▶ [What you have to do]:
The reply is to be the lines from the one with "Solved: Month name" through the last line of the records below, each retyped exactly, with pictures left out.

▶ [Data shown]:
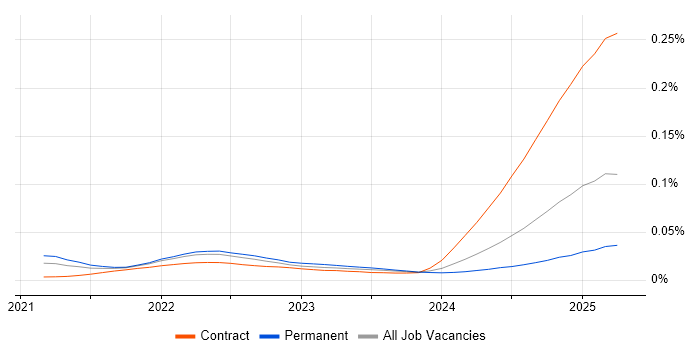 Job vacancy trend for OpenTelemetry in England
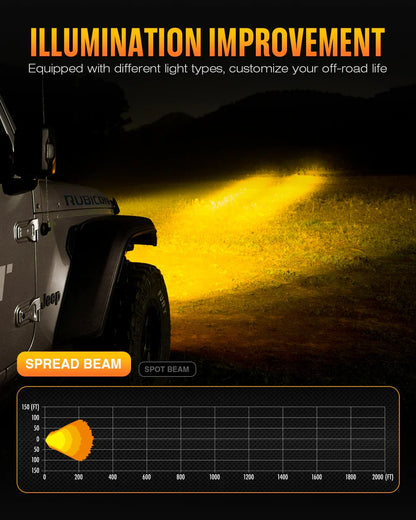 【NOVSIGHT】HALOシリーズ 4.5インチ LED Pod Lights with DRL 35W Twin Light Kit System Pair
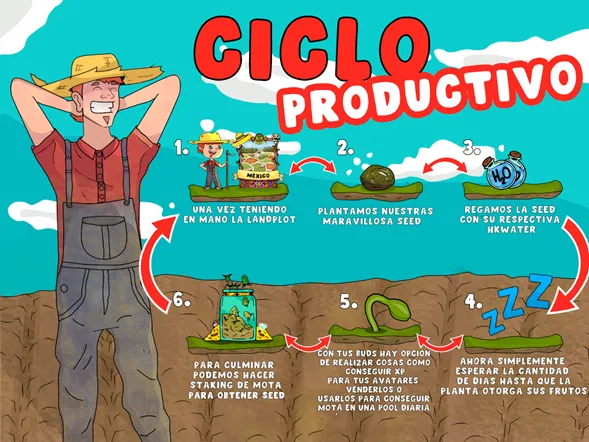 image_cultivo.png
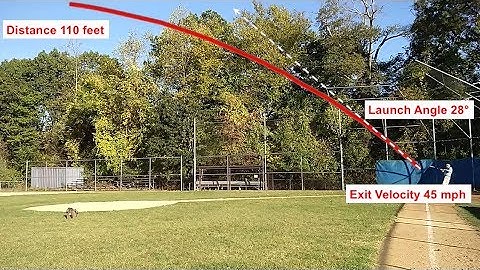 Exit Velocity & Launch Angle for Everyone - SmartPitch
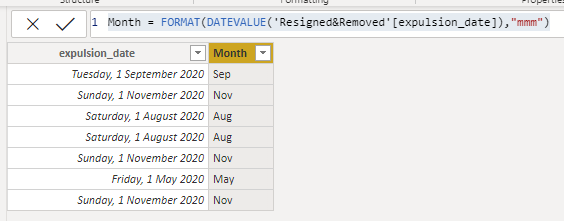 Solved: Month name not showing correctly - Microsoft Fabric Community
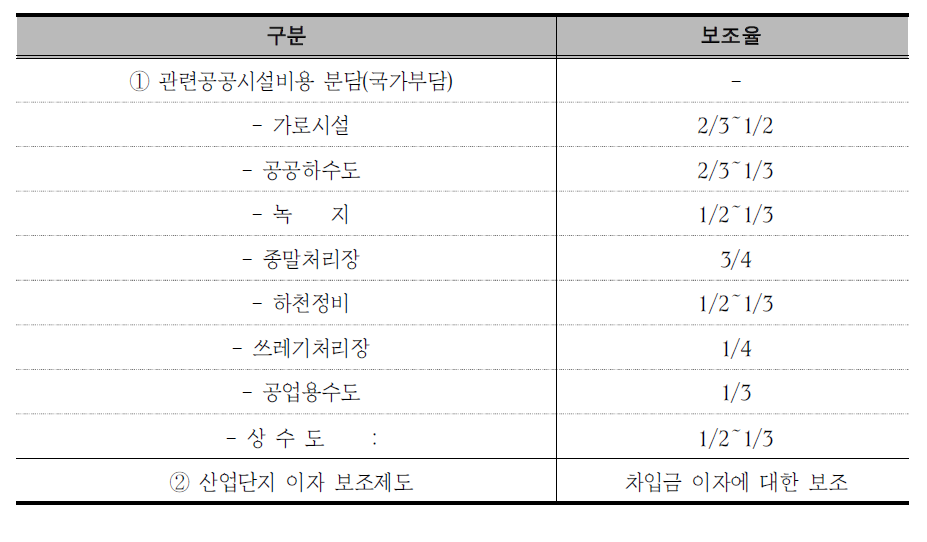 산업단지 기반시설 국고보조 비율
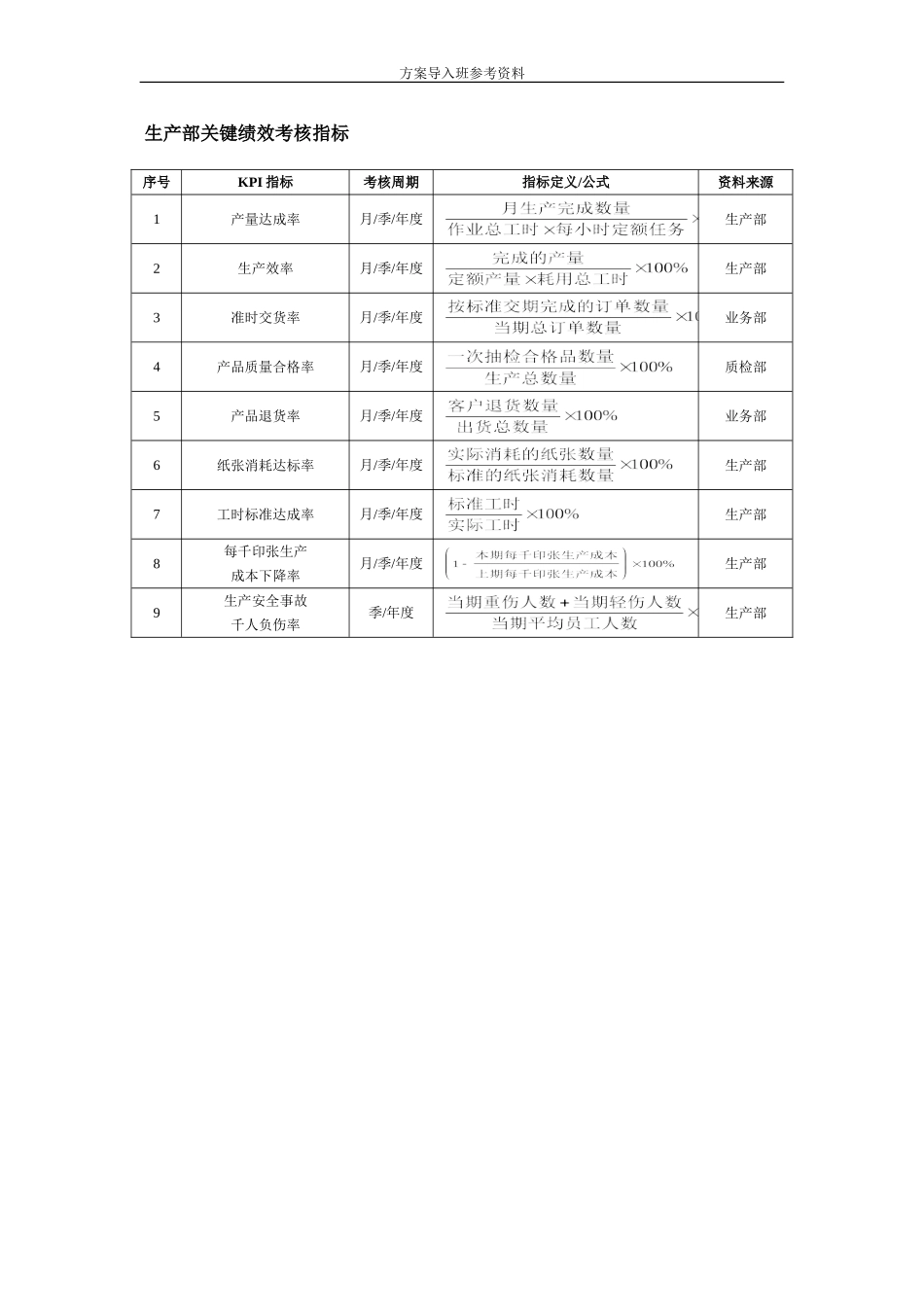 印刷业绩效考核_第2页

▶ [Exercise solution]:
 Solved: Month name not showing correctly - Microsoft Fabric Community
 산업단지 기반시설 국고보조 비율
 印刷业绩效考核_第2页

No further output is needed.